Another noteworthy finding is that variance in students’ GPA is “a strong contributor to grading reliability in lenient- as well as tough-grading course sections,” Millet says. This may also explain the “weak results” past studies have found about the relationship between grade inflation and grading reliability, Millet says, since the effect of increasing grading leniency over several decades “may have been moderated by a concurrent increase in variability of students’ abilities.”

The study notes several limitations, including that GPA is only a “proxy” for expected performance and that replications using data from other institutions are needed. Yet Millet argues it has several important implications for higher education, such as that future studies of grading reliability should incorporate measurements of variability in students’ abilities, and that grading reliability should be incorporated as an independent variable when higher grades lead to higher scores on student evaluations of teaching.

That’s because “students may accept high and unreliable grades, but they might resent low and unreliable ones,” the study says. “This may help resolve the leniency versus validity debate. If the correlation between grading leniency and [evaluation] scores is particularly strong for lenient graders with low grading reliability, this would mean that the leniency hypothesis is correct. In such a case, rather than simply ‘buying’ student satisfaction, the effect of higher grades may be interpreted as avoiding student dissatisfaction when grading reliability is low.”

Millet has previously suggested that giving instructors information about how lenient their grading is compared to their peers’ can significantly reduce variability in grading leniency, and he says that future research may extend the same approach, to see whether this also leads to increased grading reliability.

“The rationale for this hypothesis is that, as institutional norms for grading leniency become visible, extremely lenient graders may become less lenient,” the study says. “This may force such instructors to become more reliable in order to avoid student dissatisfaction.”

At the same time, he says, administrators should “resist” the temptation to use the grading reliability metric to evaluate faculty members. Why? “Such heavy-handed use of this imperfect metric can lead to unintended consequences. For example, faculty members who are concerned about their grading reliability scores might resort to assigning good grades to students with high GPAs and low grades to students with low GPAs.”

Millet also says it would have been useful to include in this study metrics related to the number and type of assessments employed by each course section.

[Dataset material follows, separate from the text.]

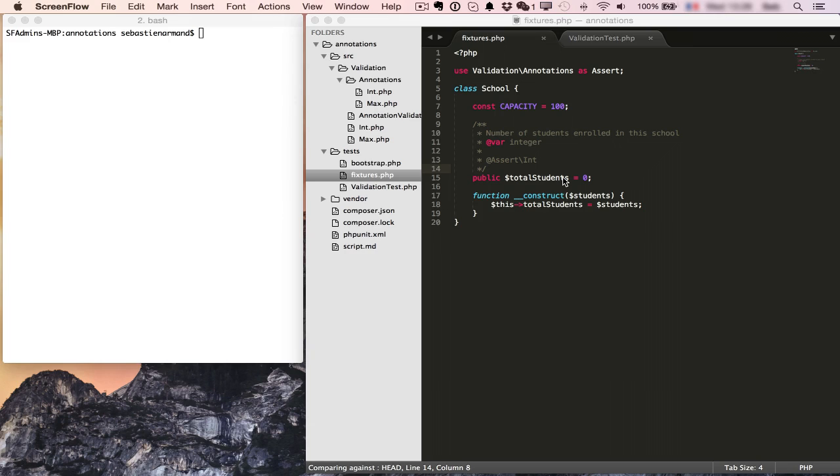Annotations are a way to add information to your code and have this information readable and accessible to code so that you can later act with that information.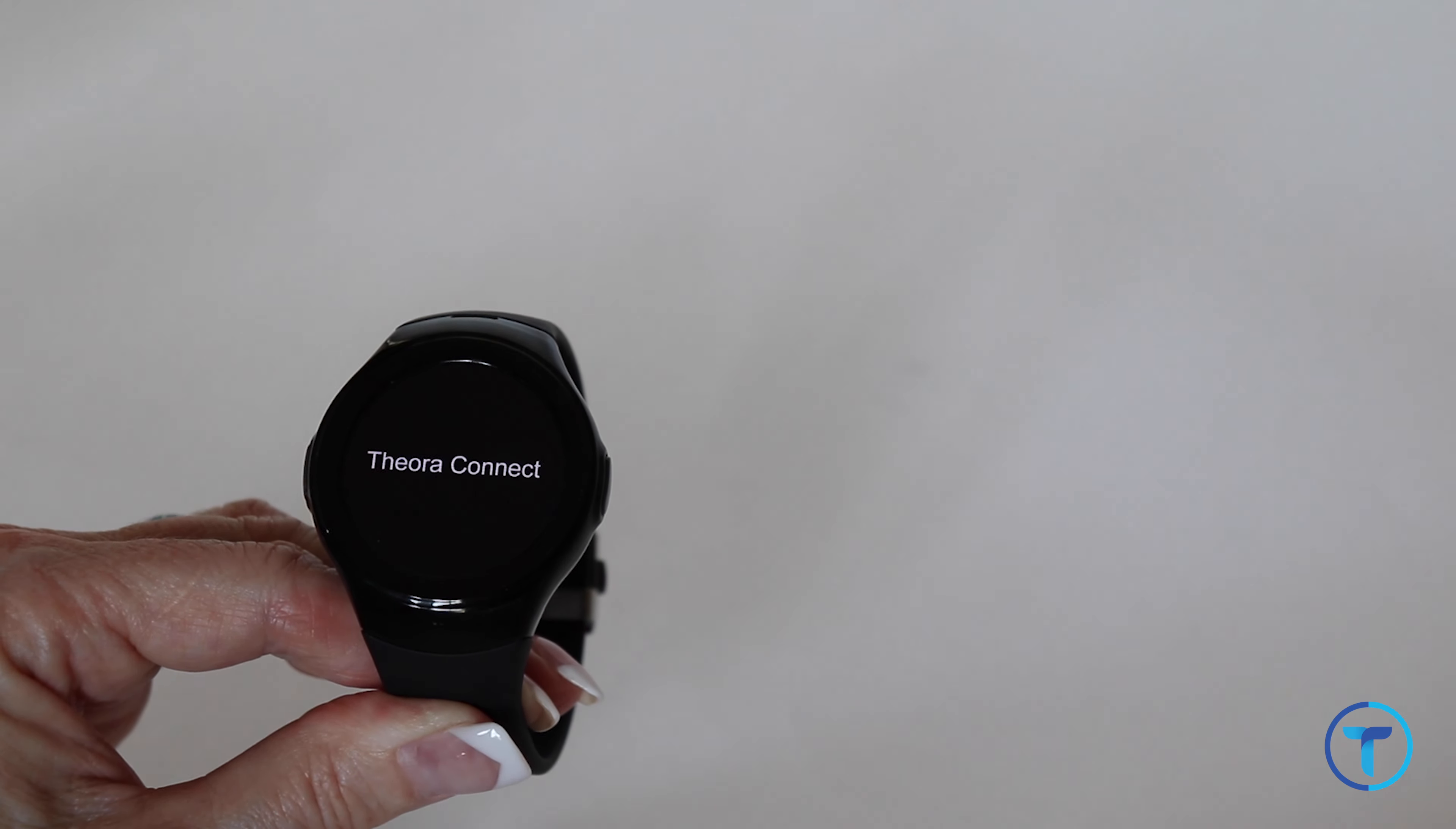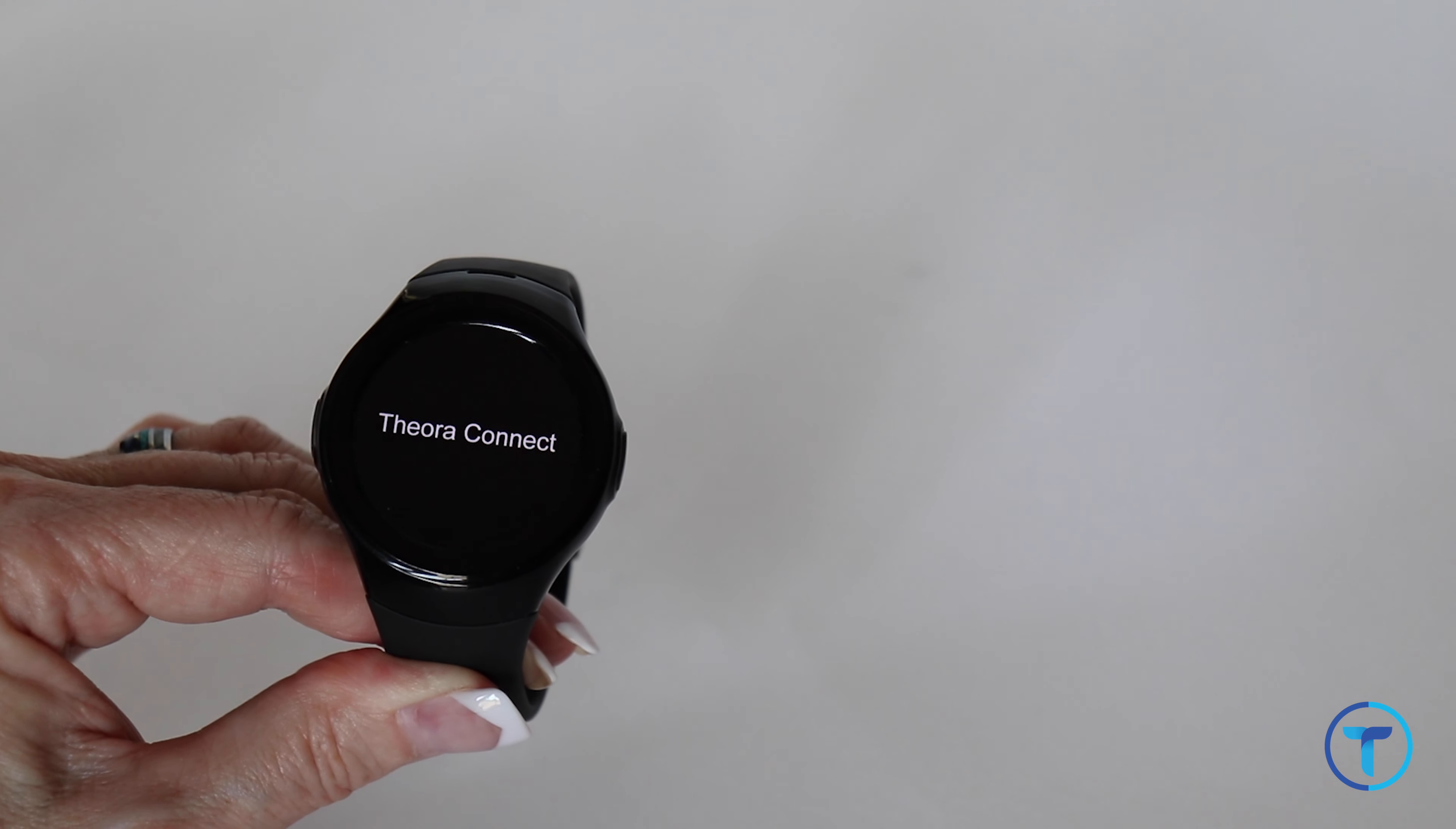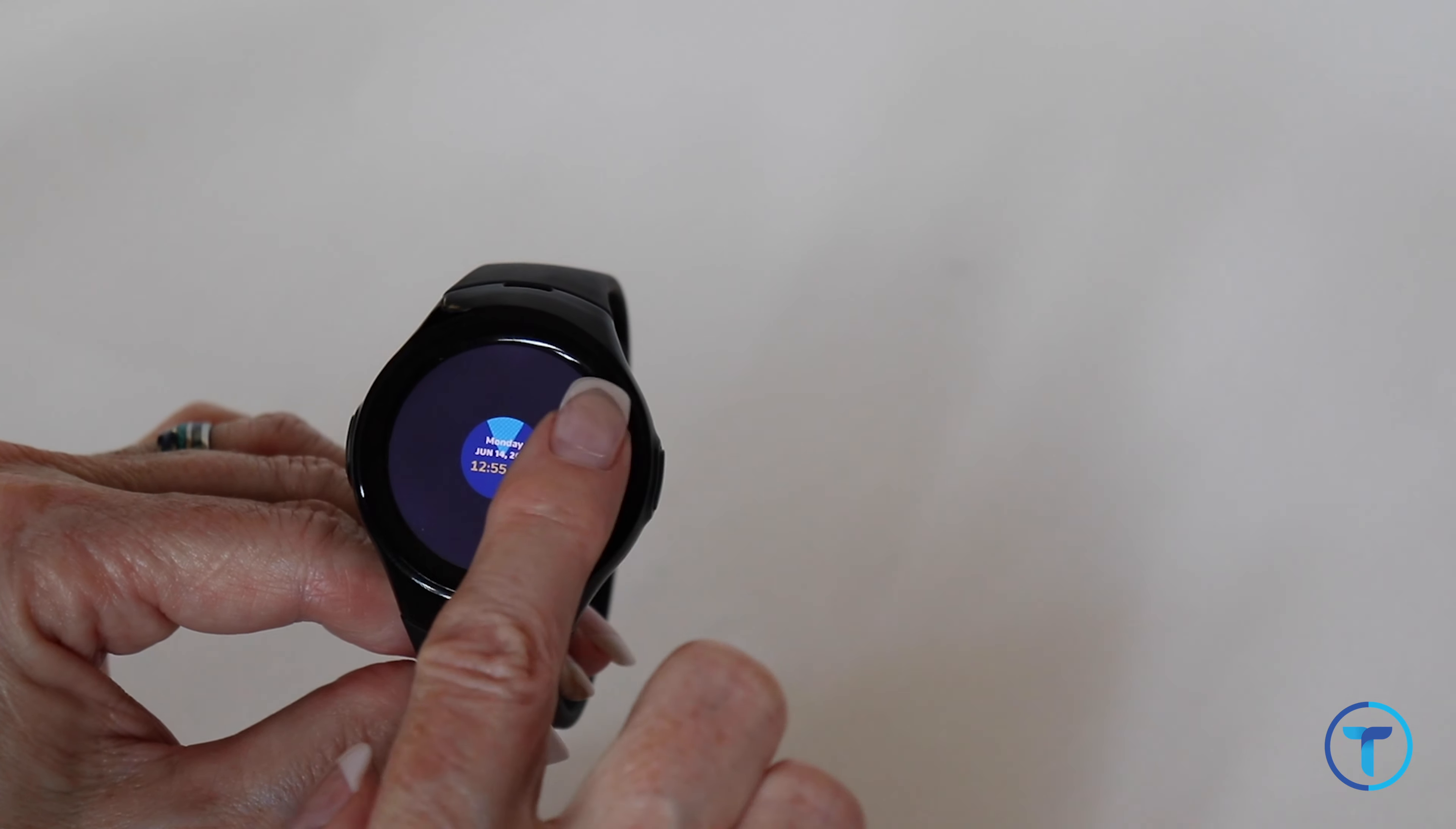When it reboots, in order to get out of lockdown mode, you have to quickly go back into user settings. There's about a 60 second window for this, and turn lockdown mode off. This has to be done following the watch rebooting itself.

Such data can be useful for internal diagnostics. Typical learning management systems already collect limited data about assessments, and by “adding a few more attributes to characterize each assessment, useful reports could be generated to establish and detect deviations from institutional norms.”

He reiterated in an interview that “the main issue here is that grading leniency may be a symptom, rather than a cause, of low grading reliability.” It’s possible that when professors “suspect they have low reliability in the way they grade, they compensate with grading leniency.”

While grade inflation typically gets a lot of attention, Millet said, “what we need to address, and set up some reporting system for, is grading reliability. One of the ways of doing that is to collect data on grading leniency, assessment types and assessment scope for individual course sections. And collecting data about assessments can be facilitated by learning management systems.”